A customer who fails to self-audit runs the risk of having to pay a lump sum for which they have not budgeted in the event that the supplier discovers the overuse. They may also risk having to pay interest on that amount or damages for breach,  and/or risk an end-of-licence dispute if trust has broken down such that the supplier suspects the customer has had little regard for the terms of the SLA. While there may be short-term appeal for customers to conceal overuse from the supplier thereby deferring payment of fees for additional use, it is important to remember that this is likely to be a breach of the SLA and is generally detrimental to the supplier–customer relationship. If possible, the customer’s legal counsel should work together with the relevant IT team in reviewing SLA compliance.

5. When a dispute arises

Parties can limit disruption caused by a dispute by including a clear dispute resolution process (“DRP”) in the SLA. Typically, SLAs include a clause requiring the party triggering the DRP to serve a notice on the other party setting out the nature of the dispute. It is usual for the DRP to provide for the dispute to be escalated to management and, if not resolved, referred to mediation, expert determination or arbitration.

It is worth considering specialist forms of dispute resolution when negotiating an SLA. For example, the Society for Computers and Law Adjudication Scheme launched in 2019 is likely to offer parties a speedier, cost-effective pathway to resolving their dispute without the publicity associated with court hearings.

A party may wish to terminate the SLA, and threatening to terminate may be a way to prompt the other party to comply with the SLA. However, this strategy can be high risk, as a party who threatens to terminate in circumstances where they do not in fact have a right to do so is themselves in breach of contract, which may enable the other side to terminate.
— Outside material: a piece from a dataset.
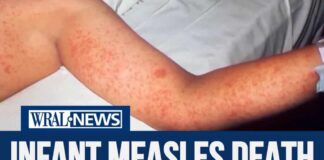 Infant died of measles in growing outbreak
This is also often not a commercial solution to the problem. From the customer’s perspective, the licensed software may not easily be substituted by an alternative product. From the supplier’s perspective, termination may mean a loss of ongoing business and/or reputational harm.

In my experience, the parties generally try to negotiate a variation to the licence to accommodate additional or changed use. Parties should ensure that any variation is set out in writing and takes into account the issues outlined above in respect of SLAs. If the variation arises in the context of a dispute, the parties should ensure that any release from liability in respect of past periods of use is broad enough to prevent the parties becoming embroiled later in a dispute about the same facts.

6. Conclusion

Suppliers and customers can minimise the risk of disputes arising under their SLAs. It is rarely possible to foresee every eventuality that might lead to a dispute. But as is evident from the issues outlined above, where commercially viable, parties can reduce the risk of disputes arising by negotiating a broader licence to take into account changes to the licensed software, IT systems and/or corporate structure. While many SLAs appear to be standard in form, suppliers and customers should review their terms carefully before signing and periodically during the licence period. This is an area where a little bit of forward (and creative) thinking and robust negotiation can go a long way in preventing future strife.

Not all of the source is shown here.